Tatiana Durova, par exemple, il la trouvait aussi belle qu’une vedette de cinéma, avec en plus une intelligence et un individualisme dus à une vie passée dans le monde réel du travail et de la vie en communauté. Michel aimait Tatiana.
Et il aimait Hiroko Ai, une créature lointaine et charismatique, absorbée dans ses histoires mais profondément bonne. Il aimait Ann Clayborne, qui était déjà martienne. Il aimait Phyllis Boyle, cette petite cousine de Machiavel. Il aimait Ursula Kohl comme la sœur à qui il pouvait toujours parler. Il aimait Tya Jimenez pour ses cheveux noirs et son sourire éclatant, il aimait Marina Tokareva pour sa logique implacable, il aimait Sasha Yefremova pour son sens de l’humour.
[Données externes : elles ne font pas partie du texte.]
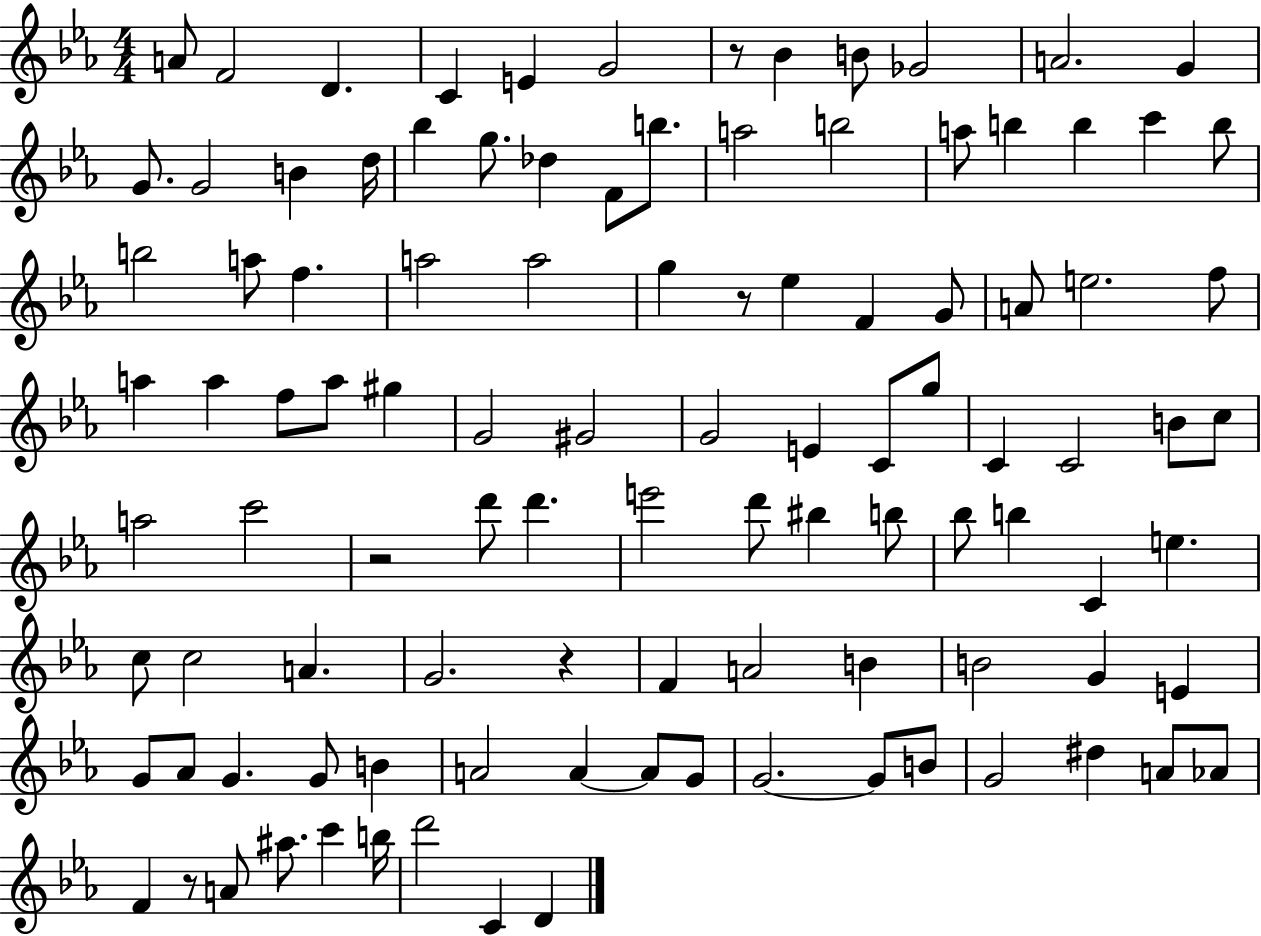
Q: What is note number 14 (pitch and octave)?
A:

Mais surtout, il aimait Maya Toïtovna, qui était aussi exotique pour lui qu’Hiroko, en plus extravertie. Elle n’était pas aussi belle que Tatiana, mais elle attirait les regards. Elle exerçait une sorte d’autorité naturelle sur le contingent russe. Elle avait quelque chose de rébarbatif, d’assez inquiétant, quelque part. Elle observait tout le monde un peu comme lui, mais d’un œil moins indulgent, il en avait la quasi-certitude. La plupart des Russes semblaient la craindre, à la façon de ces rongeurs voyant planer un faucon au-dessus d’eux. Mais peut-être craignaient-ils seulement de tomber désespérément amoureux d’elle. Si Michel allait sur Mars (ce qui n’était pas le cas), c’est à elle qu’il se serait intéressé avant tout.